Fue una caída espantosa, desde setenta y ocho mil leguas de altura, sin que hubiera modo de amortiguarla. Según las leyes de la balística, el proyectil caería sobre la Tierra a una velocidad igual a la que llevaba al salir del Columbiad, es decir, ¡de «dieciséis mil metros en el último segundo»!

Para que tengan ustedes algún elemento de comparación, les diremos que se ha calculado que, si se tira un objeto desde lo alto de las torres de Notre Dame, que sólo tienen doscientos pies89 de altura, dicho objeto llegará al suelo a una velocidad de ciento veinte leguas por hora. Pero en este caso, el proyectil llegaría a la Tierra a una velocidad de cincuenta y siete mil seiscientas leguas por hora.

—Estamos perdidos —dijo Nicholl con toda frialdad.

—¡Bueno, pues si morimos —respondió Barbicane con una especie de fervor religioso—, el resultado de nuestro viaje adquirirá proporciones magníficas! ¡Será el propio Dios quien nos revele su secreto! ¡En la otra vida, el alma, para saber, no precisará ni de máquina ni de artefacto alguno! ¡Se identificará con la sabiduría!

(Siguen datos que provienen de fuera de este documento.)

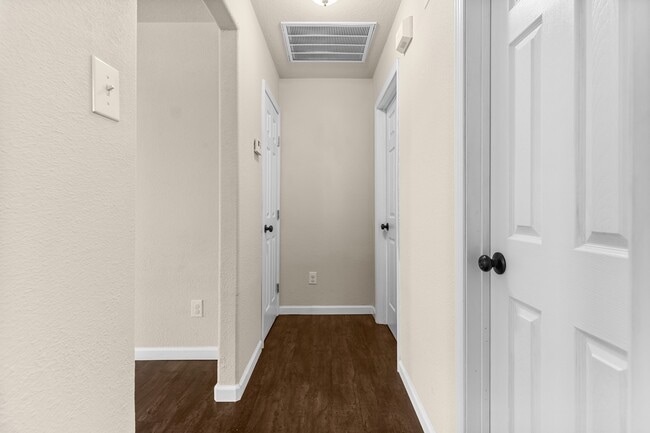 Building Photo - 2306 Urban Forest Ct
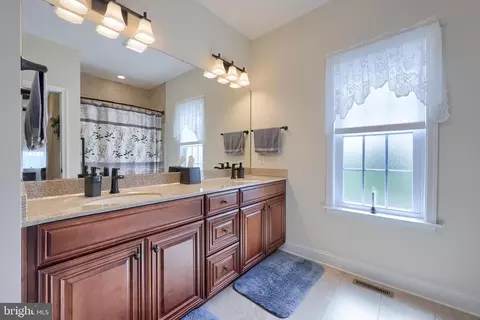 Bath - 403 Valor Dr, Lititz, PA 17543 photo 2 of 4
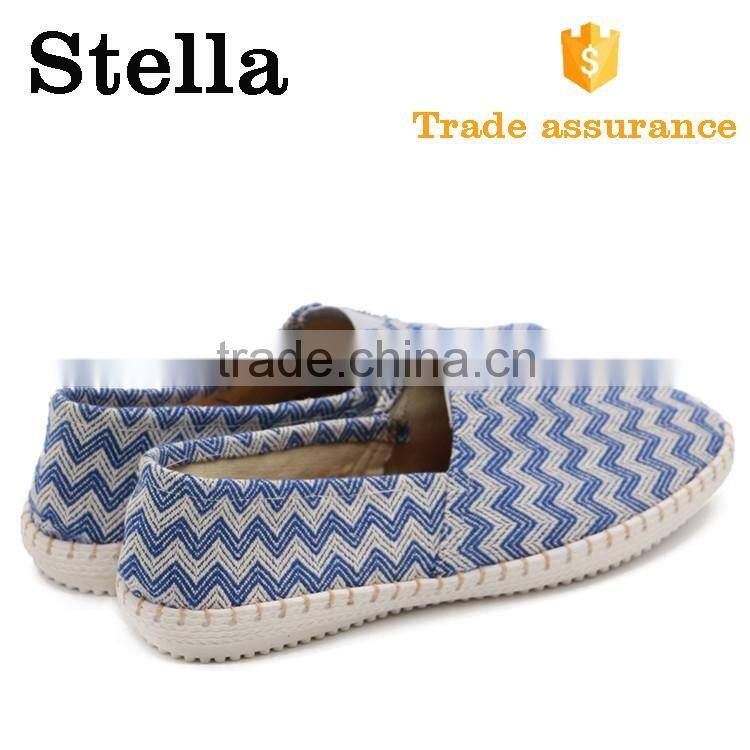 raised grain thick rubber men moccasin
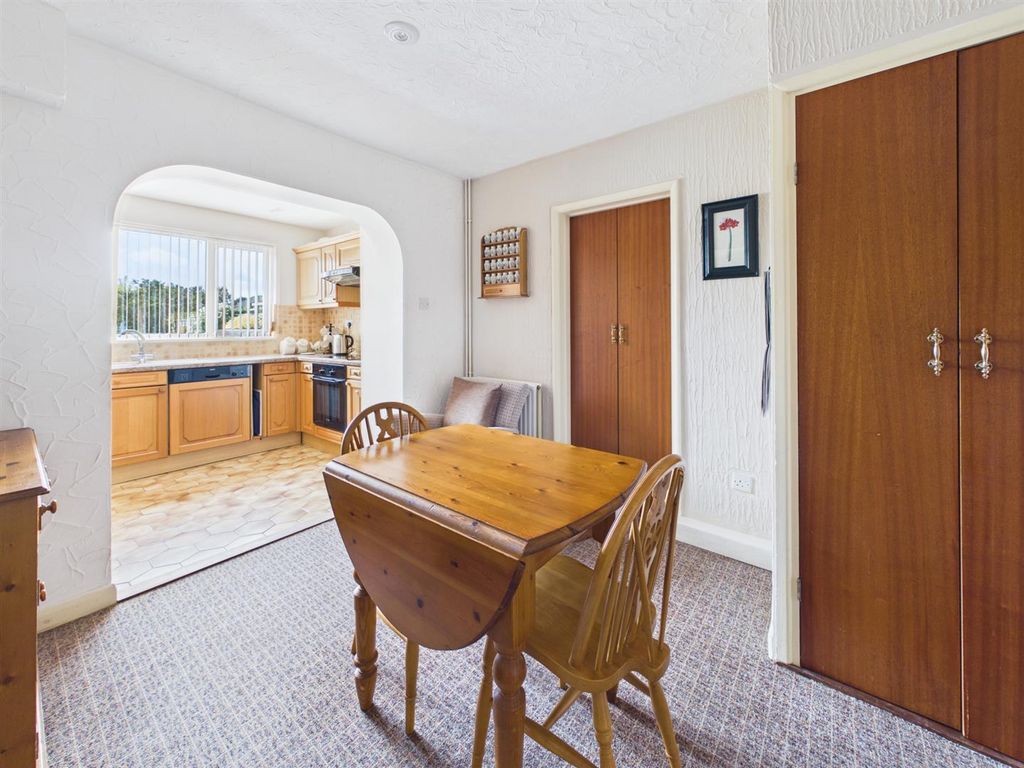 Property photo 3 of 25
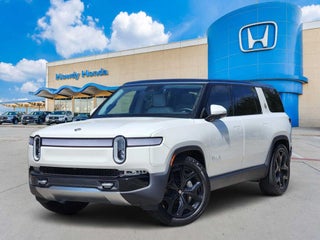 2023 Rivian R1S Adventure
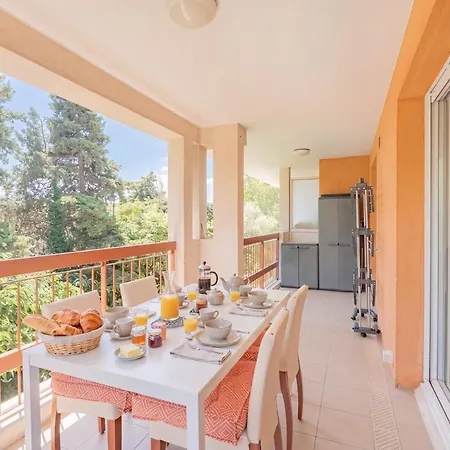 Appartement Comfortable Family Near & Golf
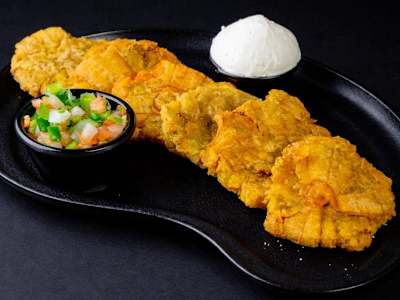 TOSTONES CON PICO DE GALLO Y NATA CRIOLLA ( 6 UND )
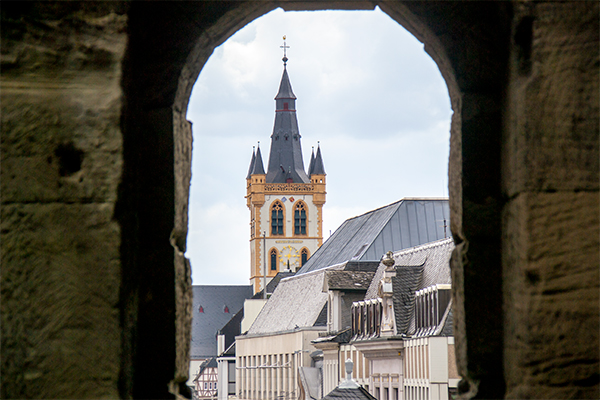 Udsigt til St. Gangolfs kirketårn fra Porta Nigra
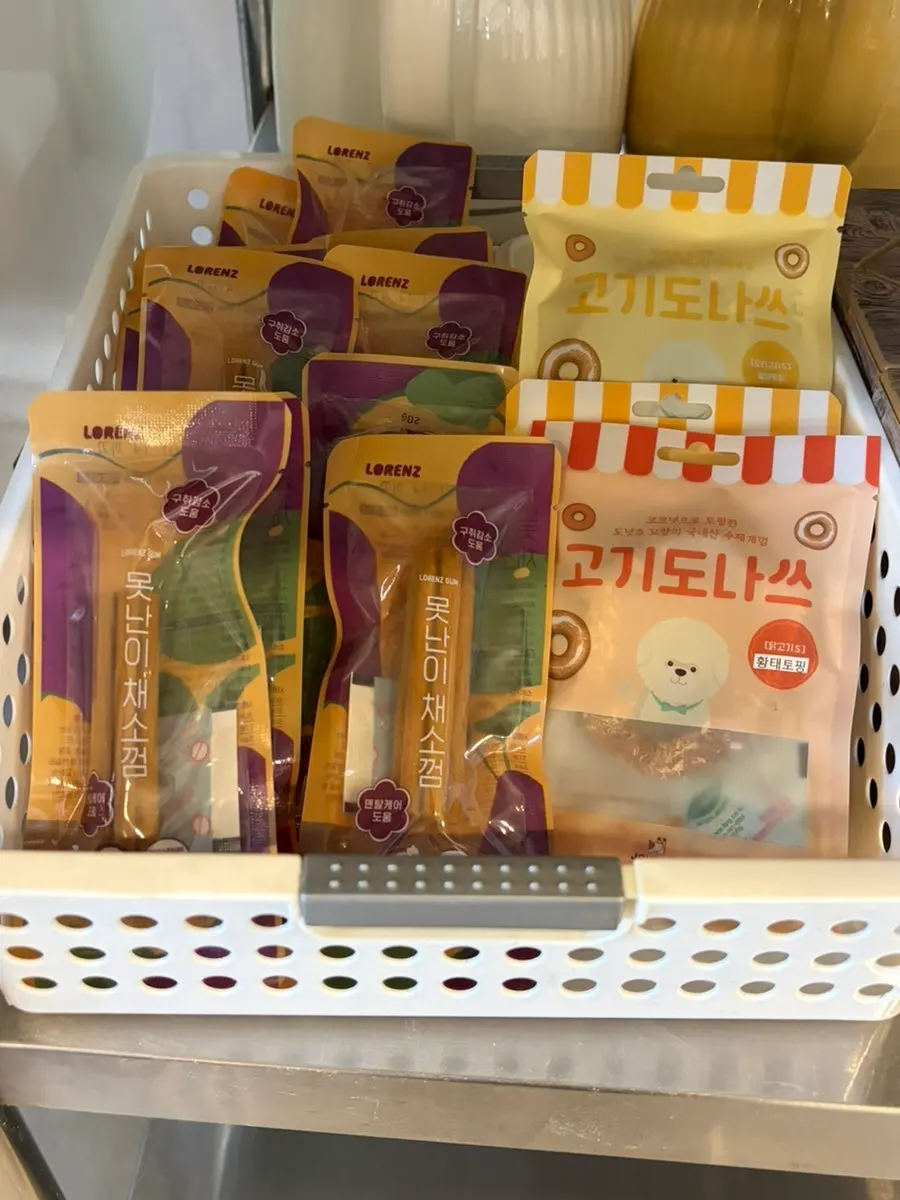 Dog treat corner for pet-accompanying customers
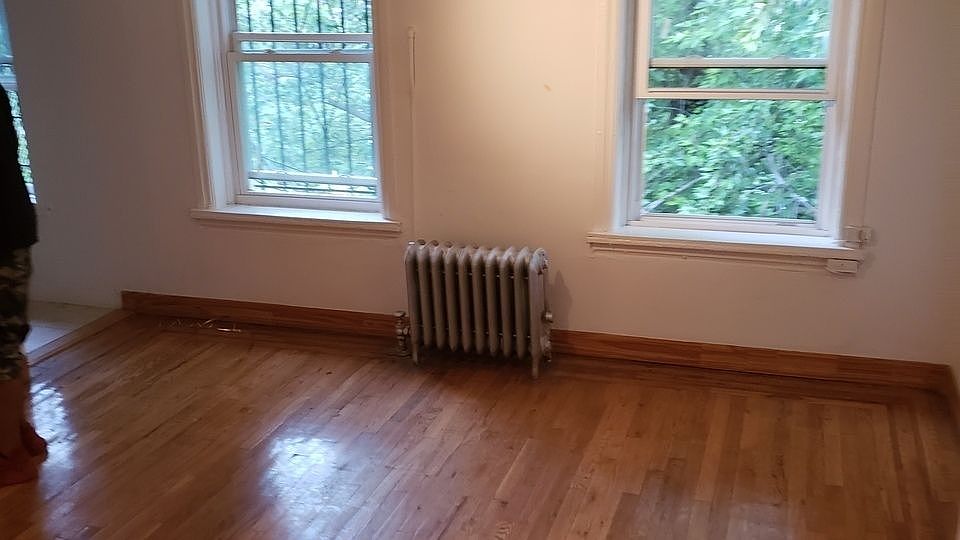 2nd image of 176 Hart St #4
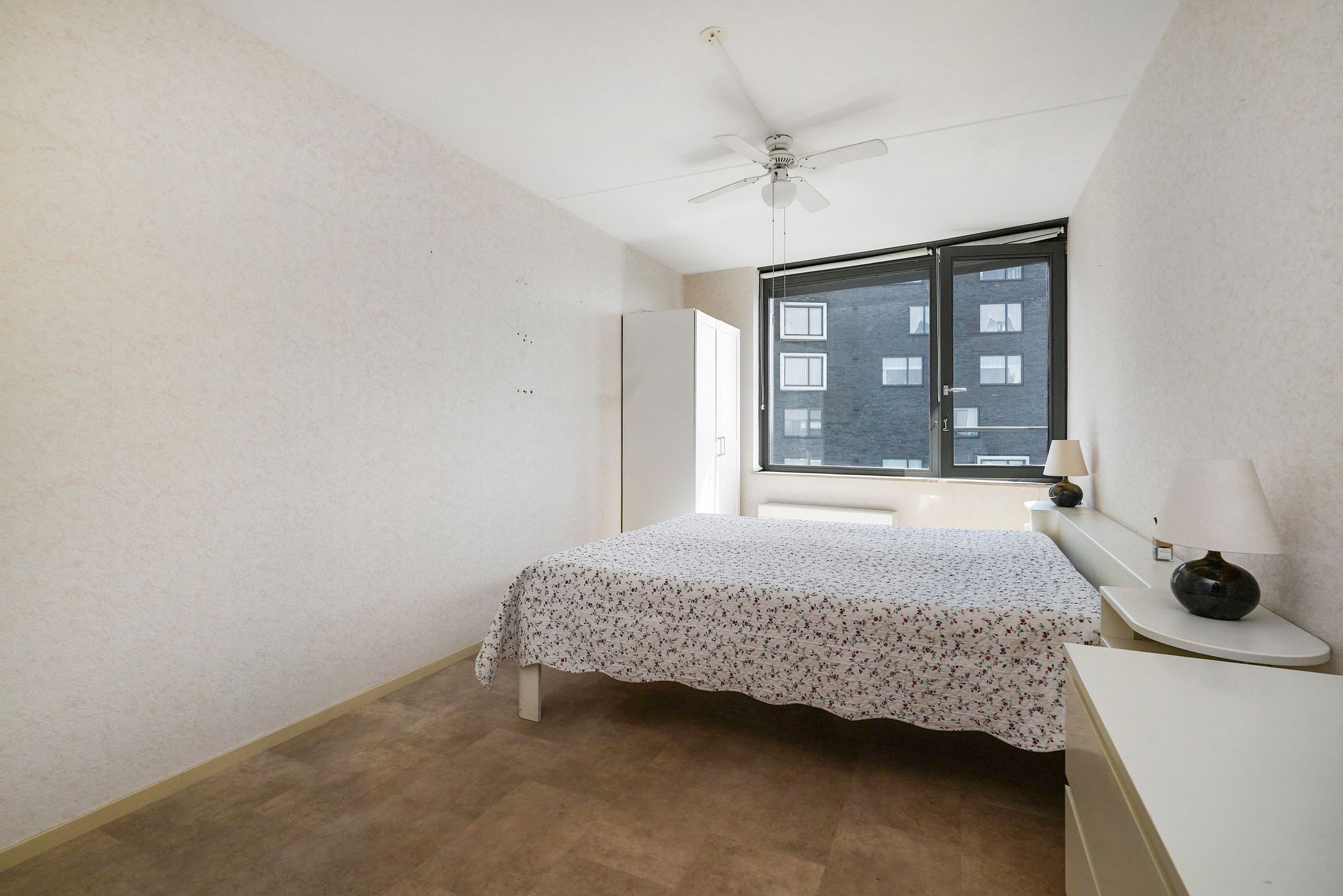 Foto 21 van Uiverplein 126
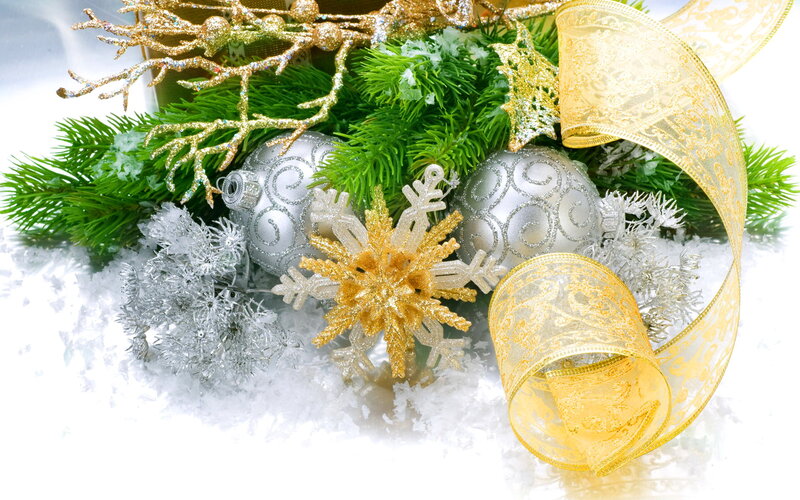 Christmas Ornaments and Snow — Gold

—¡La verdad es que el otro mundo enterito puede que nos consuele de ese astro ínfimo que se llama Luna! —replicó Michel Ardan.

Barbicane se cruzó los brazos sobre el pecho con un gesto de sublime resignación y dijo:

—¡Que sea lo que Dios quiera!

  • 88. Vino tinto de Borgoña muy apreciado.
  • 89. Las torres de Notre Dame de París miden 70 metros.